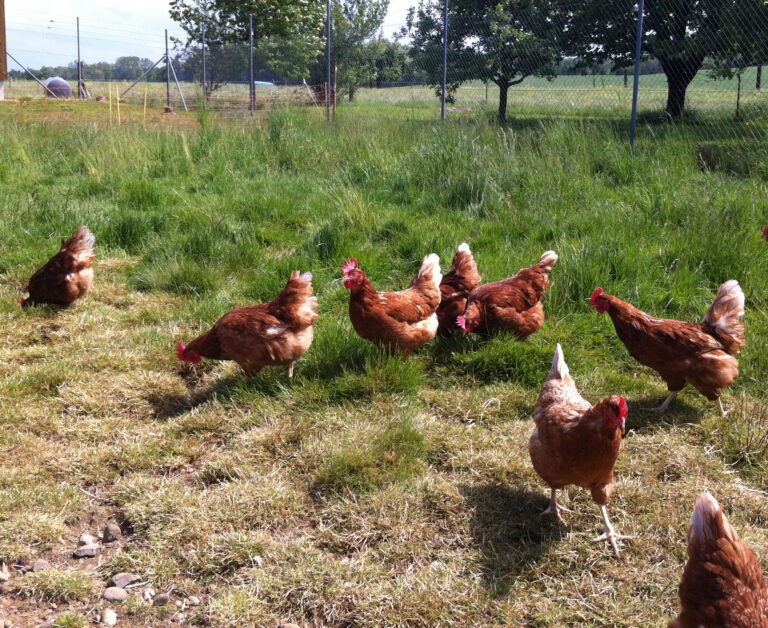 braune hühner picken im Feld nach futter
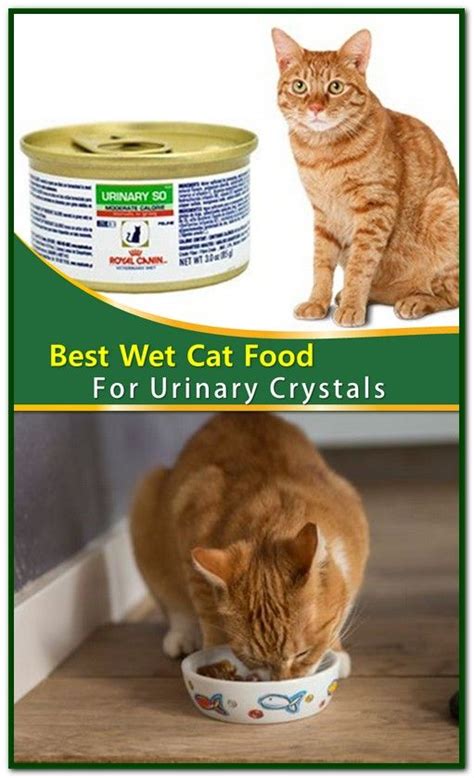 Simultaneously, making homemade food can strengthen the immune system and fight inflammation. Best Wet Food For Urinary Health In Cats di 2020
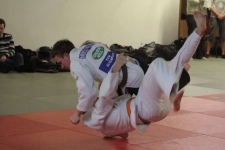 04 03 16_0096klein.jpg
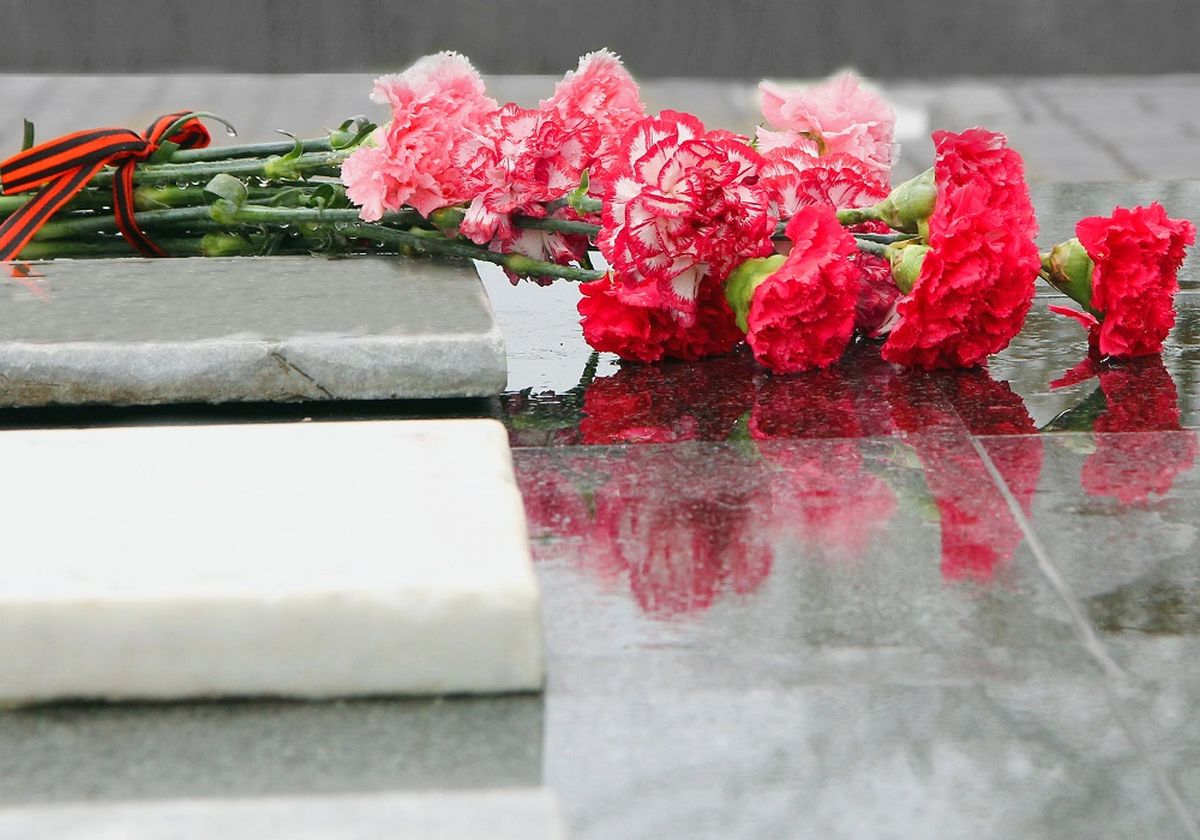 Planujesz zakup kwiatów na cmentarz Sprawdź, jakie rodzaje są najpopularniejsze i najtrwalsze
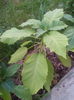 IMG_20150511_192802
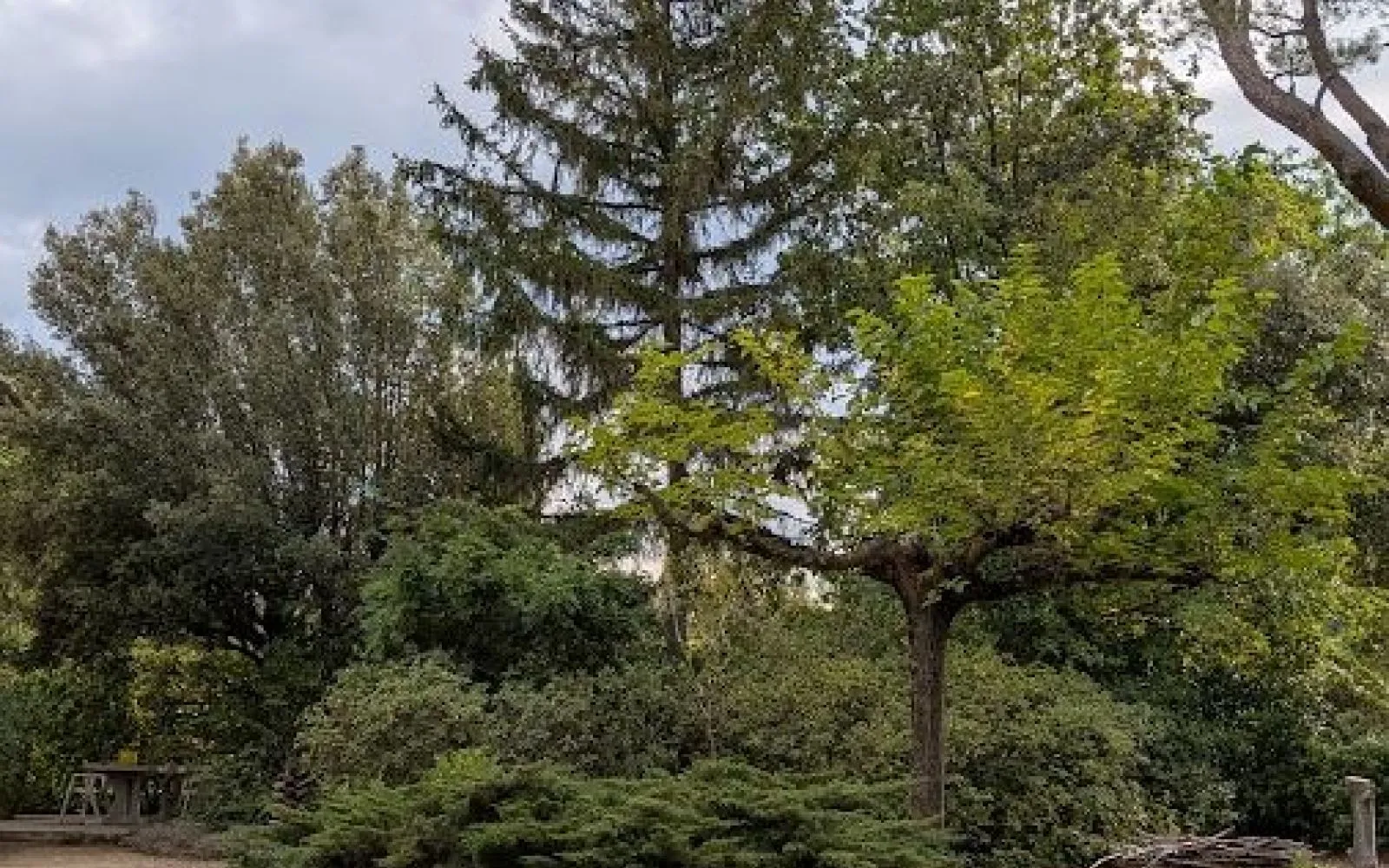 Terrain à bâtir de 1120 m² à SAINT-DIDIER (84) à Saint-Didier — photo 6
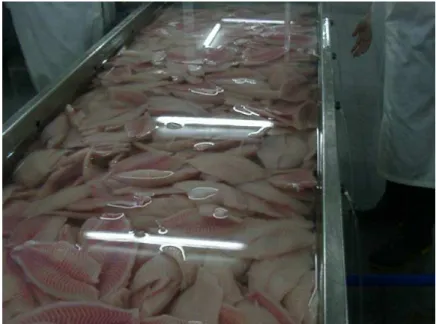 Figure 3 – Tilapia fillets washing with ozonized water. 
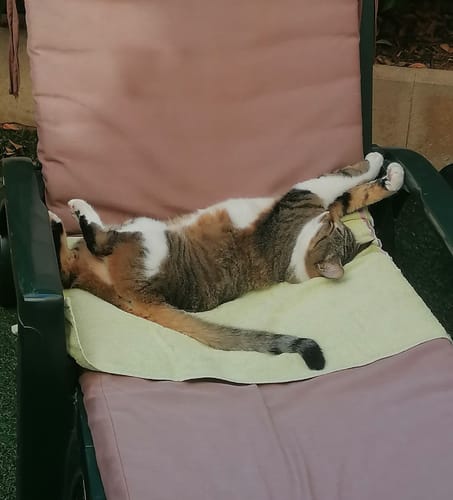 Avis photo d'un client sur Croquettes Chat Stérilisé Sans Céréales - Poulet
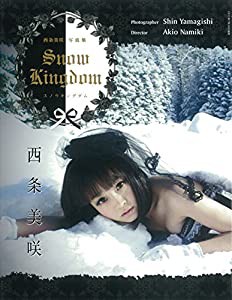 SNOW KINGDOM(中古品)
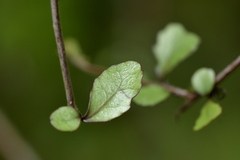 Elaeocarpus hookerianus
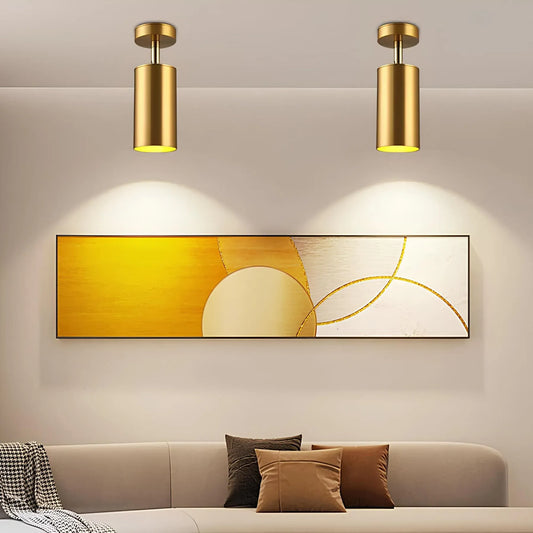 Dimmable Modern Ceiling Light for Home and Office - Stylish Illumination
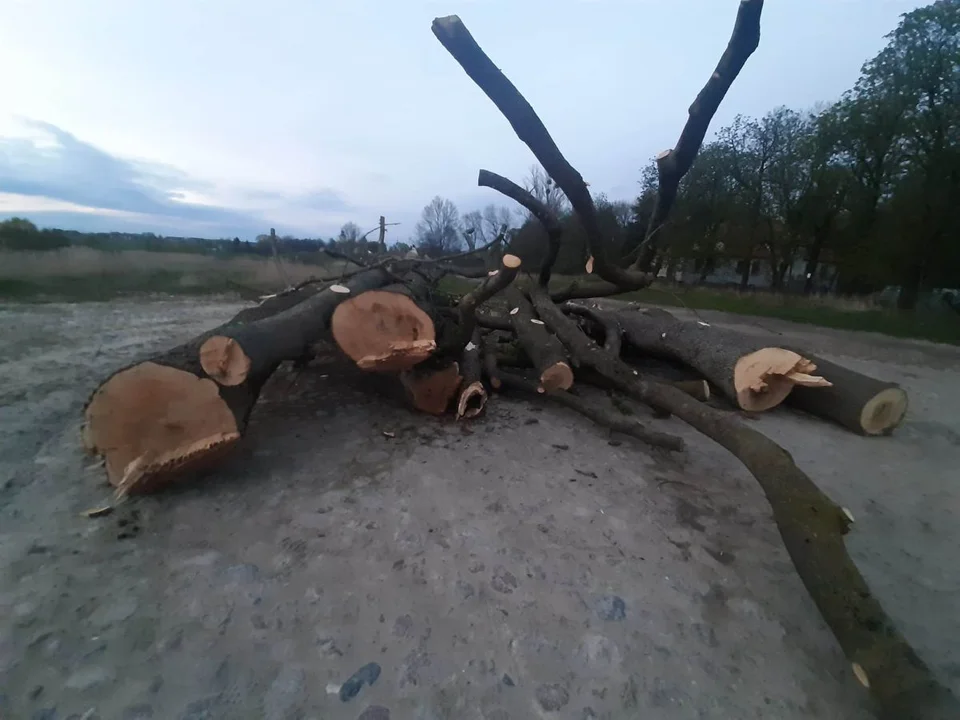 Wycięto ponad 20 drzew w Siedleminie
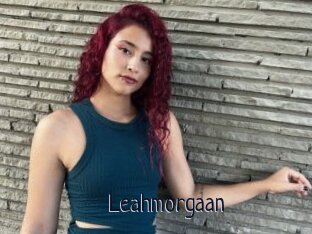 Leahmorgaan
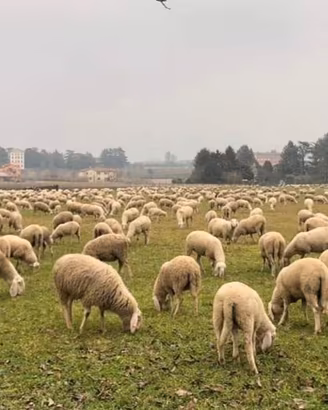 gregge di pecore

-=-=-

**About this exercise**.
Please transcribe each entry exactly and exclude any image it contains.

**Solution to this problem**.
 braune hühner picken im Feld nach futter
 Simultaneously, making homemade food can strengthen the immune system and fight inflammation. Best Wet Food For Urinary Health In Cats di 2020
 04 03 16_0096klein.jpg
 Planujesz zakup kwiatów na cmentarz Sprawdź, jakie rodzaje są najpopularniejsze i najtrwalsze
 IMG_20150511_192802
 Terrain à bâtir de 1120 m² à SAINT-DIDIER (84) à Saint-Didier — photo 6
 Figure 3 – Tilapia fillets washing with ozonized water. 
 Avis photo d'un client sur Croquettes Chat Stérilisé Sans Céréales - Poulet
 SNOW KINGDOM(中古品)
 Elaeocarpus hookerianus
 Dimmable Modern Ceiling Light for Home and Office - Stylish Illumination
 Wycięto ponad 20 drzew w Siedleminie
 Leahmorgaan
 gregge di pecore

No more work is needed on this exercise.